WHAT TO PRODUCE = Every line with the string "infection" must be copied from the entries below.
*** DATA FOR ANALYSIS Section Begins ***
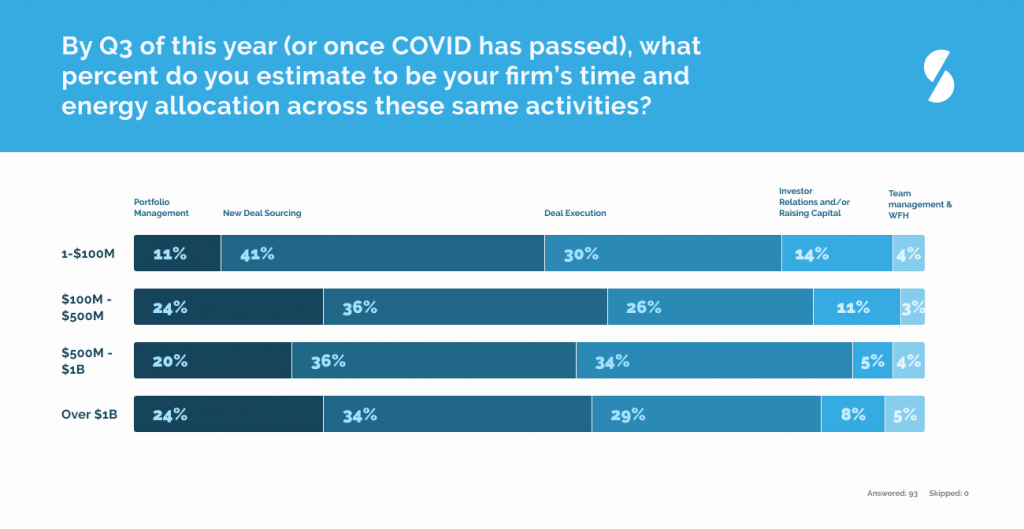 Private Equity Venture Capital Coronavirus Covid-19 firm time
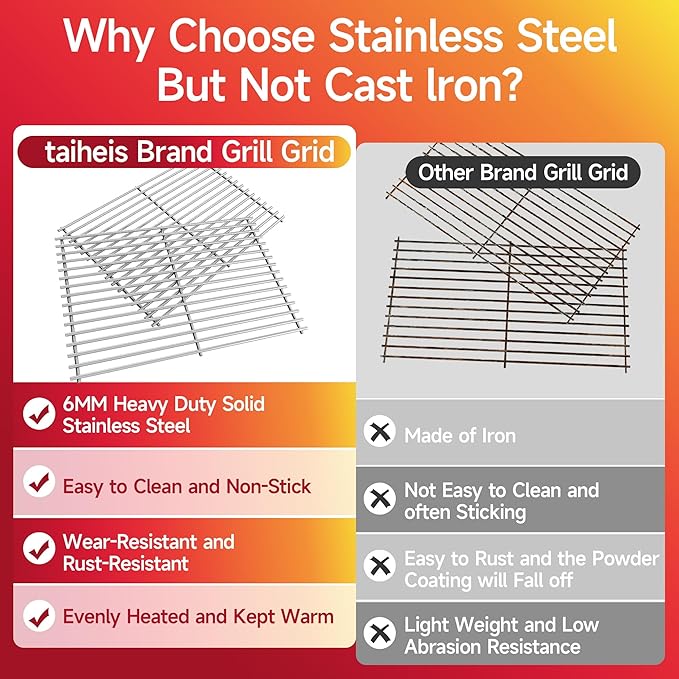 17.5" Dx23.8 W Grill Grates Replacement for Weber Spirit E310 Grill Parts,Silver Stainless Steel Grill Grate for Genesis Platinum B/C，2Pack Grill Grates for Genesis 1000-3500 Gas Grills-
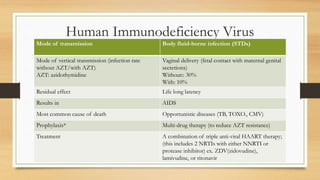 Human Immunodeficiency Virus
Mode of transmission Body fluid-borne infection (STDs)
Mode of vertical transmission (infection rate
without AZT/with AZT)
AZT: azidothymidine
Vaginal delivery (fetal contact with maternal genital
secretions)
Without:: 30%
With: 10%
Residual effect Life long latency
Results in AIDS
Most common cause of death Opportunistic diseases (TB, TOXO., CMV)
Prophylaxis* Multi-drug therapy (to reduce AZT resistance)
Treatment A combination of triple anti-viral HAART therapy;
(this includes 2 NRTIs with either NNRTI or
protease inhibitor) ex. ZDV(zidovudine),
lamivudine, or ritonavir
 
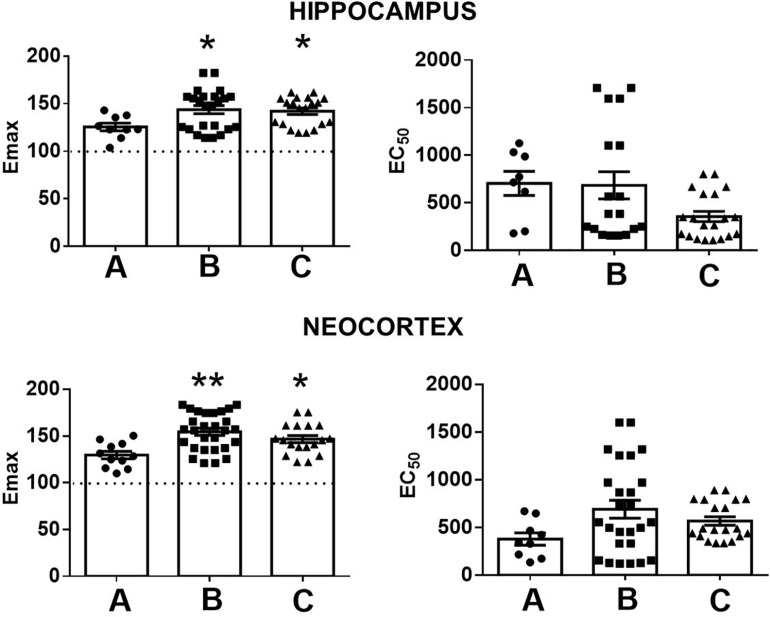 Representation of the maximal stimulation (Emax) and potency (EC50) values induced by WIN 55212-2 in the hippocampus and the temporal neocortex of autopsies (A) and patients with mesial temporal lobe epilepsy without (B) and with comorbid anxiety and depression (C). Values are expressed as mean ± SE. *p < 0.05; **p < 0.01.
*** DATA FOR ANALYSIS Section Ends ***
RESULT FOR THIS EXERCISE =
Mode of transmission Body fluid-borne infection (STDs)
Mode of vertical transmission (infection rate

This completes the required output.